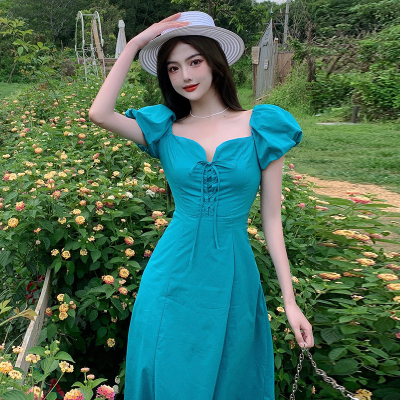 taobao agent Retro retro dress, skirt, fitted brace, plus size, French retro style, V-neckline, puff sleeves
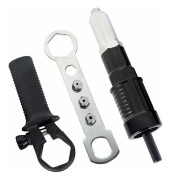 Adapter med nyckel och handtag för elektrisk nitpistol, Svart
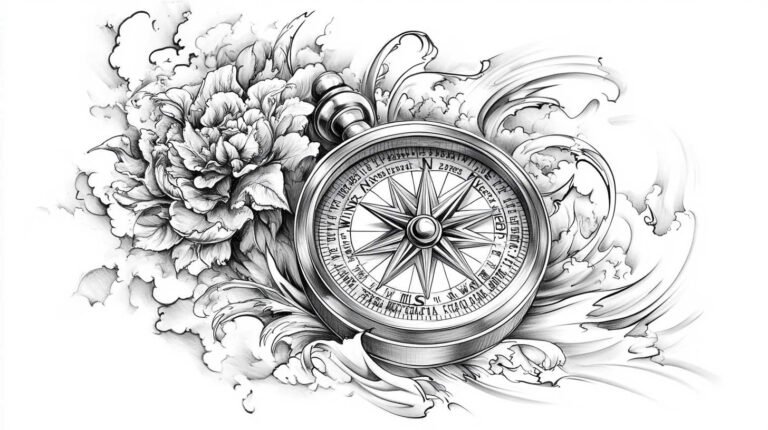 Compass Tattoo Sketch 4K HD Designs
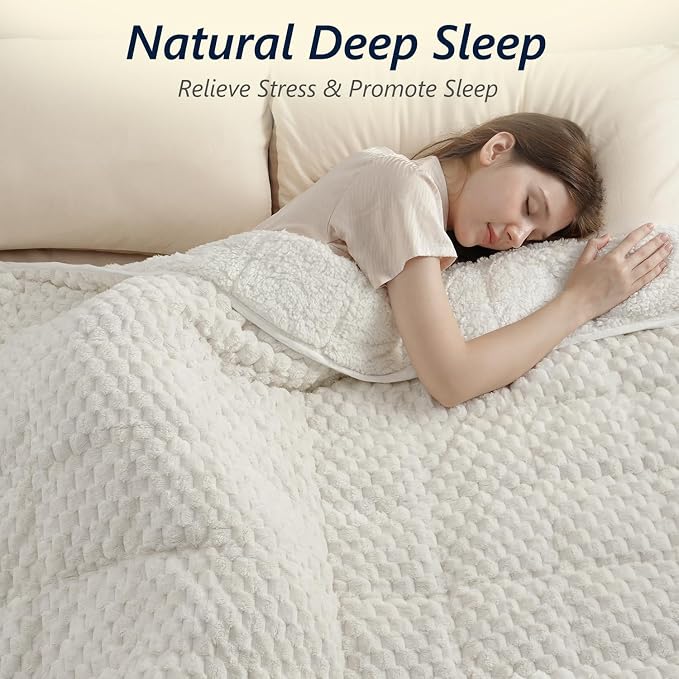 Mr. Sandman Weighted Blankets for Adults, Queen Size 60 x 80 Inches, 15lbs | Machine Washable; Soft Warm Sherpa Fleece; Jacquard Flannel with Glass Beads; Heavy Throw for Sleep and Calm; Cream White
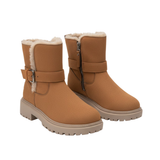 Warm Mid-Calf Snow Boots, Trendy Rubber Winter Boots, Tall Shoes
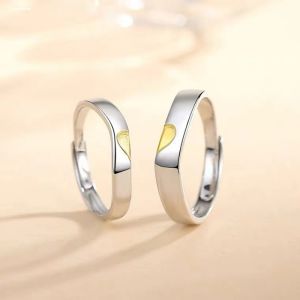 แหวนคู่แบบเปิดสำหรับคู่รักที่อยู่ห่างกัน แหวนแฟชั่นสำหรับนักเรียน แหวนคู่รักแบบเปิดสำหรับผู้หญิงและผู้ชาย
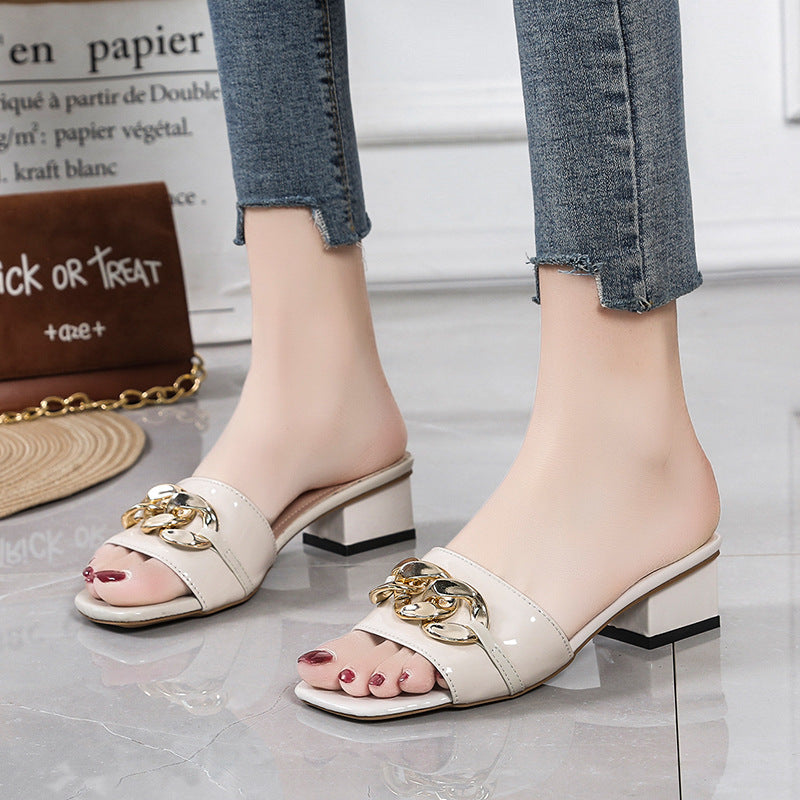 Thick heel slippers women's fashion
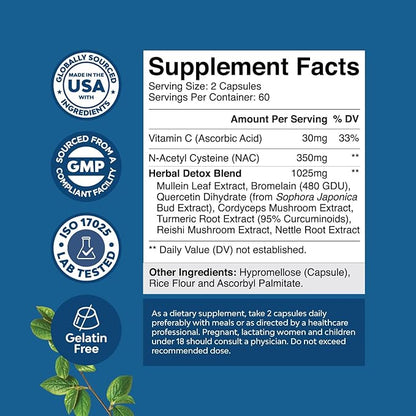 Lung Detox Mullein Leaf Capsules - Purifying Mullein Lung Cleanse Complex with NAC Quercetin & Cordyceps Extracts - Mullein Leaf Herb Respiratory Supplement for Sinus Immunity & Breathing Support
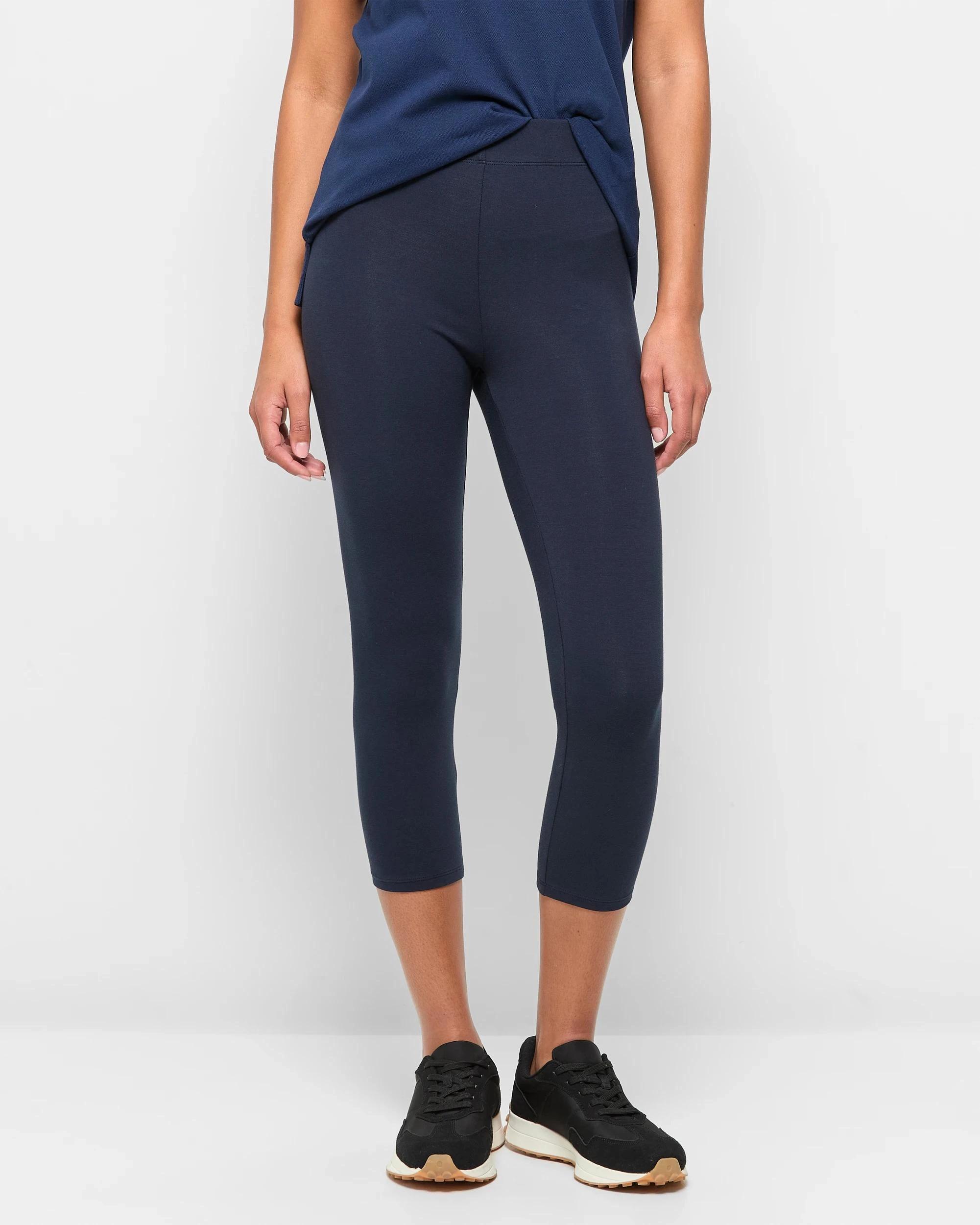 2 Target Active Australian Cotton 3/4 Length Stretch Leggings NAVY BLUE, 2 of 5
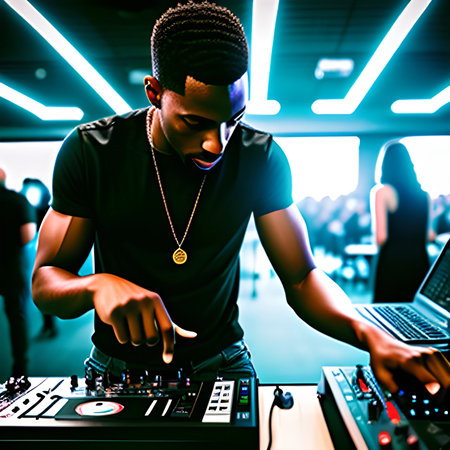 Young african-american DJ playing music at a nightclub.の素材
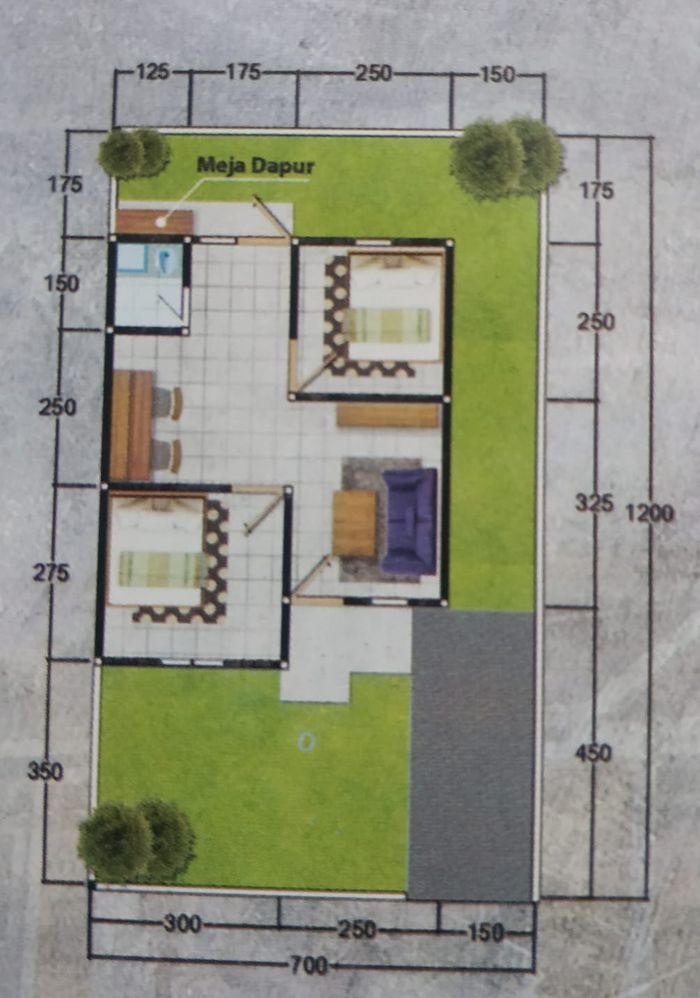 foto denah rumah tipe RSH 36/84 perumahan ROFA' RESIDENCE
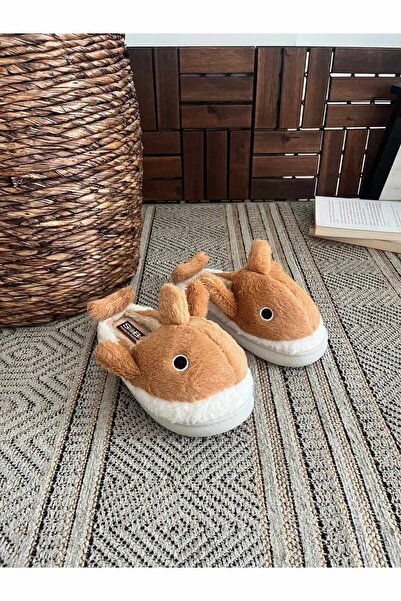 Behtah Kundura Γυναικείες γούνινες παντόφλες εσωτερικού χώρου με ζεστή επένδυση Shark Figured House - Silent Sole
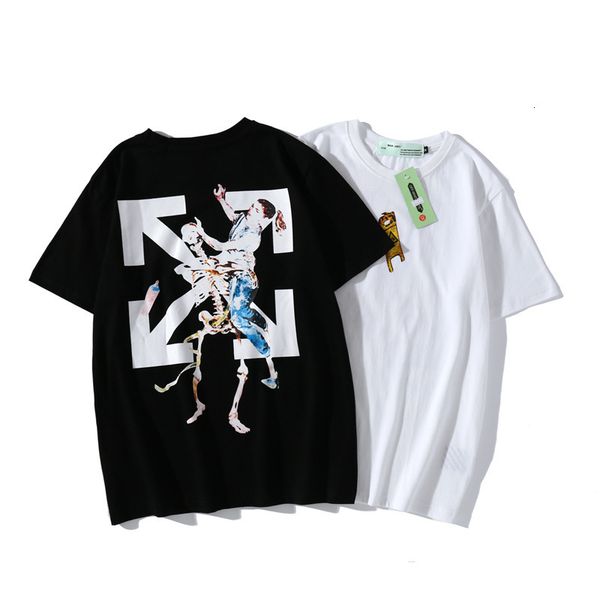 

skull arrow hip hop girl short sleeve loose men and women lovers t-shirt fashionon sale, White;black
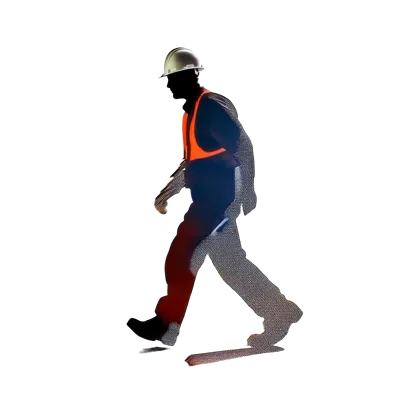 Construction Worker Silhouette Walking With Digital Mesh Effect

----

WHAT YOU NEED TO DO = Each line of the data above needs to be retyped as it is, without any picture.

ANSWER TO THIS EXERCISE =
 taobao agent Retro retro dress, skirt, fitted brace, plus size, French retro style, V-neckline, puff sleeves
 Adapter med nyckel och handtag för elektrisk nitpistol, Svart
 Compass Tattoo Sketch 4K HD Designs
 Mr. Sandman Weighted Blankets for Adults, Queen Size 60 x 80 Inches, 15lbs | Machine Washable; Soft Warm Sherpa Fleece; Jacquard Flannel with Glass Beads; Heavy Throw for Sleep and Calm; Cream White
 Warm Mid-Calf Snow Boots, Trendy Rubber Winter Boots, Tall Shoes
 แหวนคู่แบบเปิดสำหรับคู่รักที่อยู่ห่างกัน แหวนแฟชั่นสำหรับนักเรียน แหวนคู่รักแบบเปิดสำหรับผู้หญิงและผู้ชาย
 Thick heel slippers women's fashion
 Lung Detox Mullein Leaf Capsules - Purifying Mullein Lung Cleanse Complex with NAC Quercetin & Cordyceps Extracts - Mullein Leaf Herb Respiratory Supplement for Sinus Immunity & Breathing Support
 2 Target Active Australian Cotton 3/4 Length Stretch Leggings NAVY BLUE, 2 of 5
 Young african-american DJ playing music at a nightclub.の素材
 foto denah rumah tipe RSH 36/84 perumahan ROFA' RESIDENCE
 Behtah Kundura Γυναικείες γούνινες παντόφλες εσωτερικού χώρου με ζεστή επένδυση Shark Figured House - Silent Sole

skull arrow hip hop girl short sleeve loose men and women lovers t-shirt fashionon sale, White;black
 Construction Worker Silhouette Walking With Digital Mesh Effect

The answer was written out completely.